La regia di Friedkin si basa su un taglio narrativo che tende a sottolineare il lato onirico della vicenda e pare voler evocare gli incubi della protagonista, fanciulla la cui vita è stata congelata nell'adolescenza ai tempi del Rinascimento, mai divenuta donna e condannata a una perenne parabola che non le consente di amare davvero e di essere compiutamente sé stessa se non nelle iniziali E.M.. La gestualità è contenuta e mira a rendere comprensibile il testo, una scelta poco originale ma funzionale. Affascinante il finale: Emilia-Elina si copre il capo con il velo e viene colpita da una proiezione di fiamme, lentamente si accascia come una candela che si consuma, come carta che brucia, mentre in parallelo arde sullo sfondo la grande stele che annunciava sul sipario l'inizio degli atti. Il fuoco dove tutto finisce.

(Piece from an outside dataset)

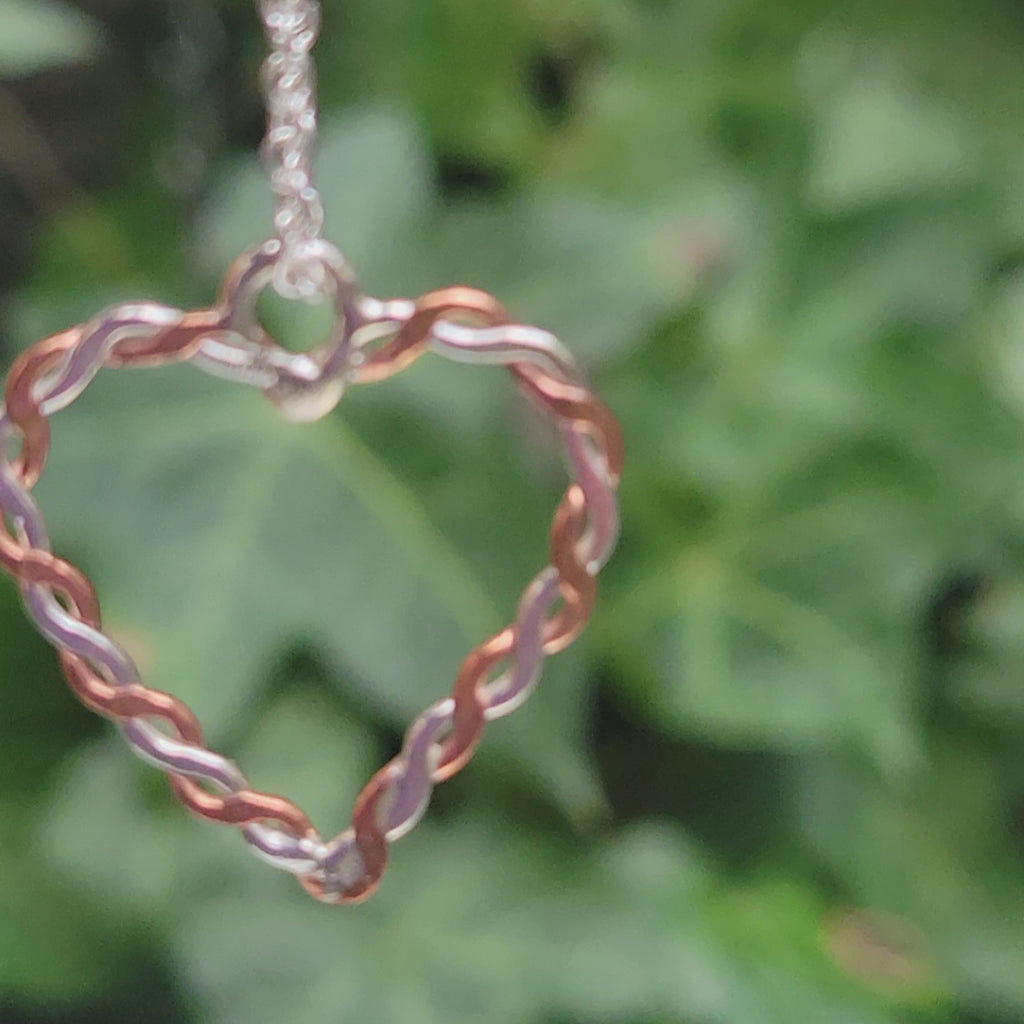 copper and silver twisted heart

La direzione di Zubin Mehta è profondamente lirica ma presenta momenti di ruvida tragicità perfettamente fusi con il resto: musica e canto formano una sola cosa con un'immediatezza e una potenza espressiva massime. Si colgono nel suono e nei tempi gli accenti della formazione del compositore ma anche le sonorità innovative in un percorso di ascolto assai emozionante. L'orchestra del Maggio lo segue in modo impeccabile, lasciando un segno profondo negli spettatori.

Angela Denoke è una Emilia Marty di grande carisma che richiama una seduttrice in stile Glenn Close piuttosto che una diva sul viale del tramonto: le lunghe gambe nude sui tacchi alti, i capelli corti biondi, i tratti spigolosi. Lo scendere dalle scale al primo apparire la rende subito diversa dagli altri, come arrivasse da un mondo “altrove”: il soprano rende bene quel sentirsi indifferente a tutto che caratterizza la protagonista, una insensibilità che riempie la scena con la sua sola presenza. Accanto a lei di buon livello gli altri sia dal punto di vista vocale che attoriale sia nel delineare i personaggi che nel confrontarsi con la Marty. Miro Dvorsky è un intenso, dubbioso Albert Gregor; Karl Michael Ebner è un indomito Hauk, annunciato da un virare verso il rosso delle luci di scena; Rolf Haunstein è un grigio, insistente Dr. Kolenatý; Andrzej Dobber è un fascinoso Jeroslav Prus, altero e dolente; Jan Vacik un burocratico Vitek; Jolana Fogašová una tenera, bamboleggiante Kristina; Mirko Guadagnini, unico italiano tra i protagonisti, è uno Janek pieno di giovanile baldanza e toccante umanità. Completano la locandina Jan Vacik (Vìtek), Roberto Abbondanza (un macchinista), Stefanie Iranyi (un'inserviente) e Cristina Sogmaister (una cameriera). Marginale ma puntuale l'apporto del coro del Maggio, limitato alla sezione maschile.

Molti posti vuoti ma vivo successo di pubblico con convinti applausi.